Today, Jennings and Jones are out of the league, Nelson is halfway there, and Cobb, though still hanging on, hasn’t been near the peak of his powers for several seasons.
That’s not to say the Packers haven’t taken steps to improve. They’ve invested six picks in the position over the past three drafts, five of whom will head to camp this year. With Davante Adams locked up for several seasons to come, the Packers’ receiver group is at least stable, if unproven. If they can find their feet quickly, this group could still be potent, but for now, there are more questions than answers.
Just the basics
- Davante Adams - 6-1, 215 - Fresno State - 5th year
- Randall Cobb - 5-10, 192 - Kentucky - 8th year
- Geronimo Allison - 6-3, 202 - Illinois - 3rd year
- Trevor Davis - 6-1, 188 - Cal - 3rd year
- J’Mon Moore - 6-3, 205 - Missouri - Rookie
- Marquez Valdes-Scantling - 6-4, 206 - USF - Rookie
- Equanimeous St. Brown - 6-5, 214 - Notre Dame - Rookie
- DeAngelo Yancey - 6-1, 220 - Purdue - 2nd year
- Michael Clark - 6-6, 217 - Marshall - 1st year
- Jake Kumerow - 6-4, 205 - Wisconsin-Whitewater - 1st year
Who needs to be good?
Davante Adams has functioned as the Packers’ top receiver since mid-2016, whether anyone considered him a “true” number one receiver or not. Now, with a new contract on the books and Jordy Nelson in Oakland, there’s no doubt who the top dog is. The Packers need Adams to play like it.

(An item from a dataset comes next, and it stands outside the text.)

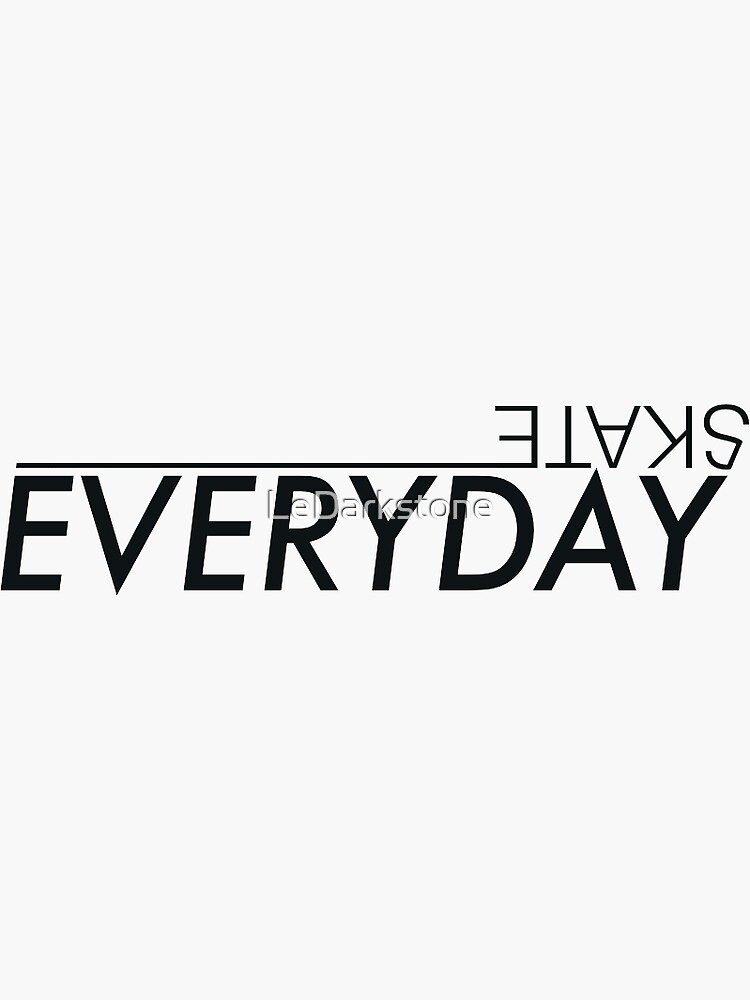Thumbnail 3 of 3, Sticker, Skate everyday designed and sold by LeDarkstone.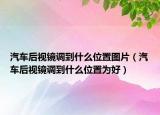 汽車后視鏡調(diào)到什么位置圖片（汽車后視鏡調(diào)到什么位置為好）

Adams has to be the receiver that draws significant attention from opposing defenses, putting his teammates in the best position to succeed. If he can be that kind of player, it will only make the rest of the receiver group more potent.
Who is the wild card?
In truth, any one of the Packers’ three rookie wide receivers could serve as something of a wild card, but J’Mon Moore is the best pick. The Packers took him ahead of Marquez Valdes-Scantling and Equanimeous St. Brown for a reason. He’s probably the most pro-ready of the three, and if he can realize his potential quickly, he’ll have a chance to play a noteworthy role this year. If he can’t, though, there’s a good chance the Packers will have to wait at least a year to see any significant input from their three draft picks.
Who could be a sleeper?
A promising physical prospect, DeAngelo Yancey couldn’t crack the 53 man roster out of training camp last year and found himself passed over when the Packers chose Michael Clark for a late season practice squad call up instead of their 2017 fifth round pick. A year later and a few pounds lighter, Yancey has a chance to show what a mistake that was. With a season of NFL life under his belt, Yancey could have an inside track on the other young receivers.